The activities of the Energy Industries' fossil fuel industries include both combustion sources (Fossil Fuel Industries and Pipelines) and fugitive sources (Coal Mining and Oil and Natural Gas).⁷ The fossil fuel industries registered a net increase of about 48 Mt of GHG emissions from 1990 to 2005 (48% growth). These emissions are related to coal mining and the production, transmission, processing, refining, and distribution of all oil and gas products.

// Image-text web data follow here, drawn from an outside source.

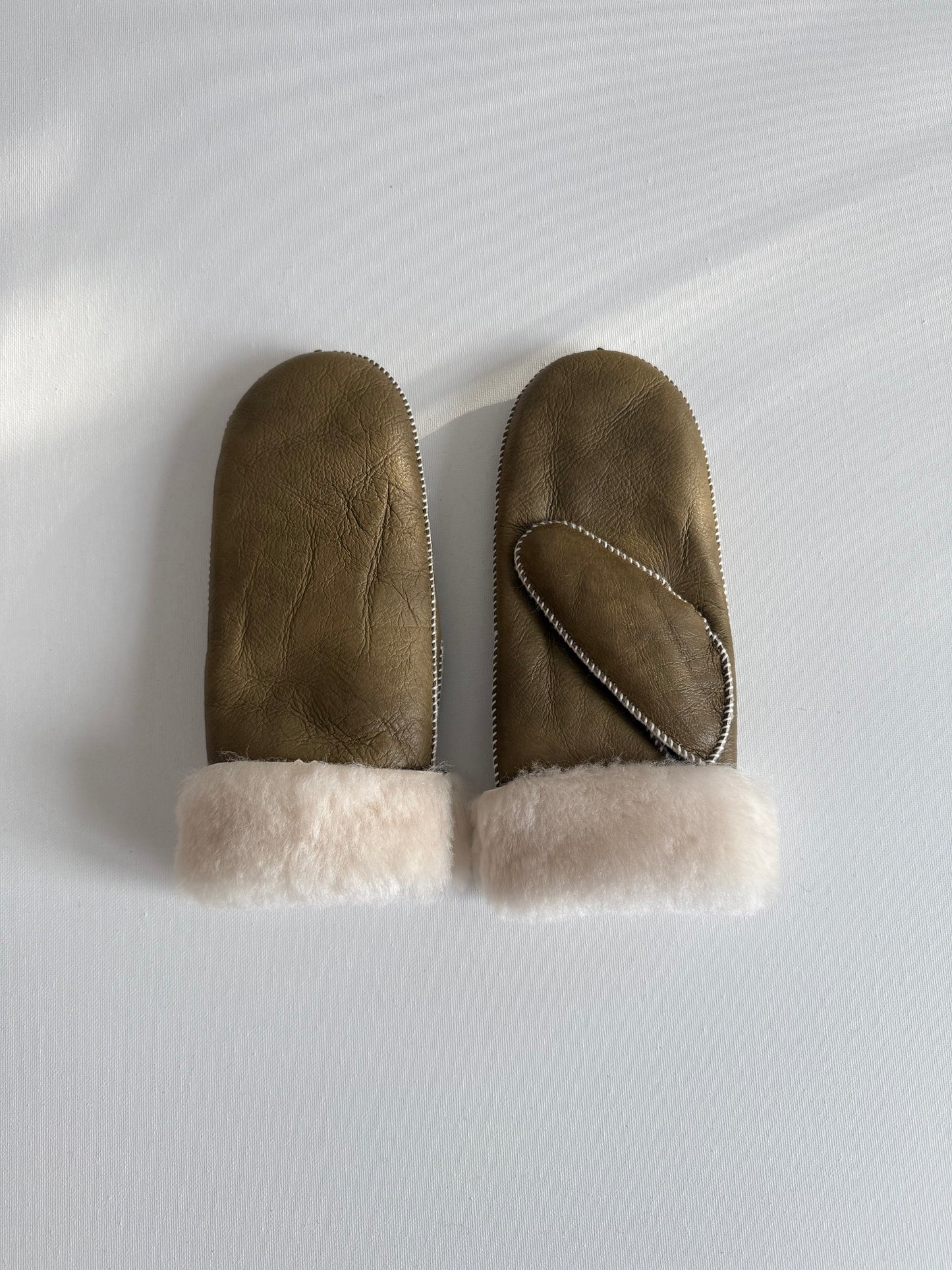 SHEARLING MITTENS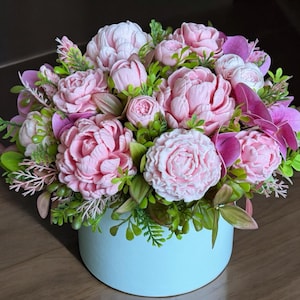 Peony Soap Flower Arrangement – Long-Lasting Floral Gift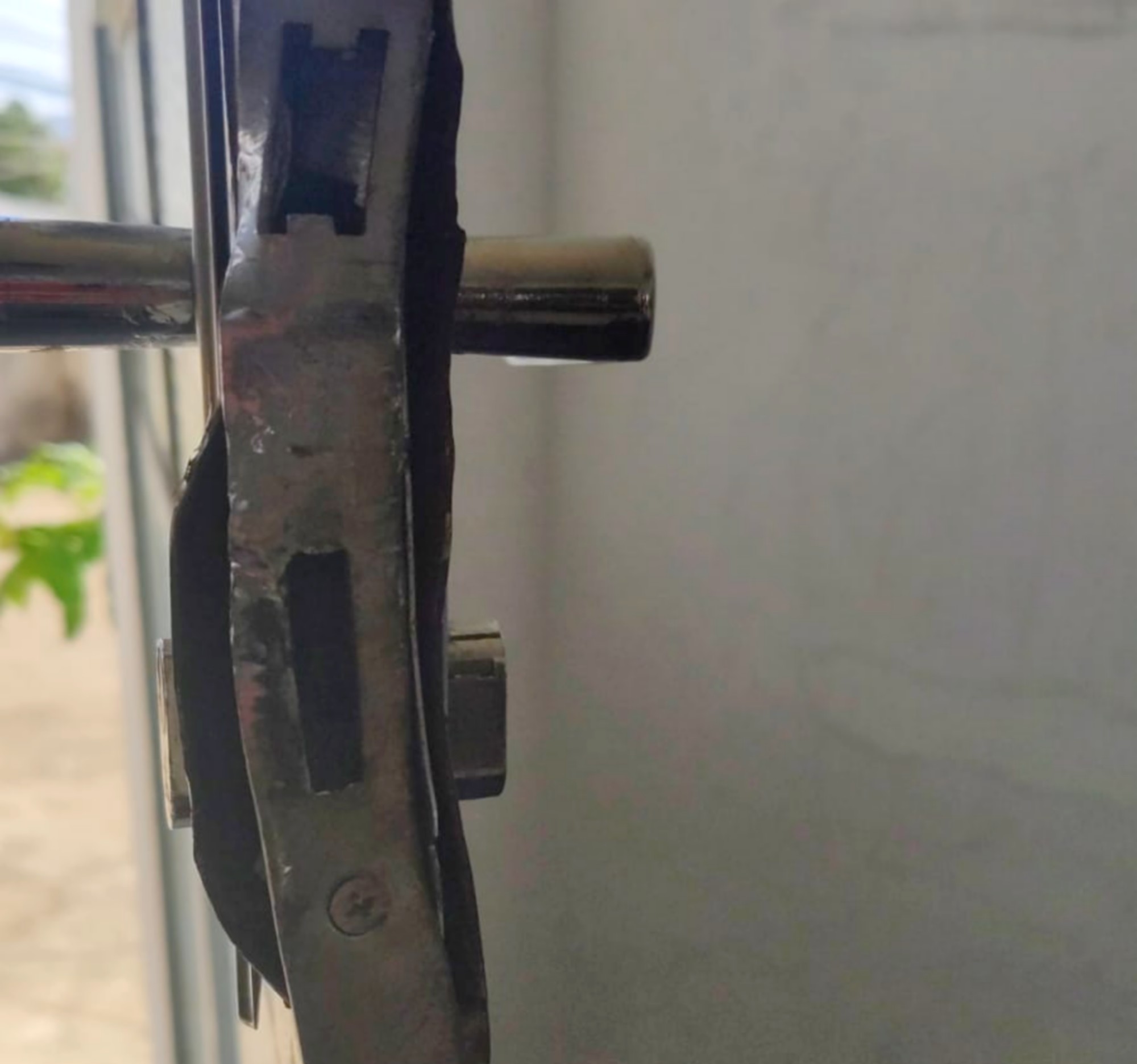Homem arromba portas para furtar apartamento em ST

By 2005, total production of crude oil and natural gas showed a 65% increase over 1990 levels (see Section ES.4.1). Elevated demand in both Canada and the United States drove these trends, with the export market growing by far the most rapidly (see Section ES.4.1). Although increasing demand provides a portion of the explanation for the emission trend, it does not paint the complete picture.

Since well before 1990, easily removable reserves of conventional crude have been falling. Thus, energy consumption per unit of conventional oil produced has been increasing (Neitzert et al., 1999). In fact, between 1990 and 2000, the energy requirements per barrel of conventional light/medium oil extracted nearly doubled (Nyboer and Tu, 2006). At the same time, highly energy- and GHG-intensive⁸ synthetic oil production (i.e. from oil sands) has become increasingly competitive with conventional oil extraction. These trends then also contribute significantly to the rapidly rising emission increases in the oil and gas industry over the 1990- 2005 period.

Electricity and Heat Generation, representing the other portion of the Energy Industries, also saw large increases in emissions. Rising demand for electricity, coupled with the increasing use of fossil fuels in the generation mix, drove GHG emissions up 33 Mt between 1990 and 2005. Comparatively, in 2005, electricity demand was approximately 128 terawatt-hours (TWh) above the 1990 level. Although this increased demand was supplied in part by greater hydroelectricity and nuclear generation, fossil fuel generation rose even more. By 2005, hydropower's share of the generation mix had fallen from 63% to 60%, while fossil fuels' share had risen from 22% to 25%, worsening the average GHG intensity of production. The end result was that from 1990 to 2005, generation rose 28% while GHG emissions increased 35%, about 1.25 times the generation increase.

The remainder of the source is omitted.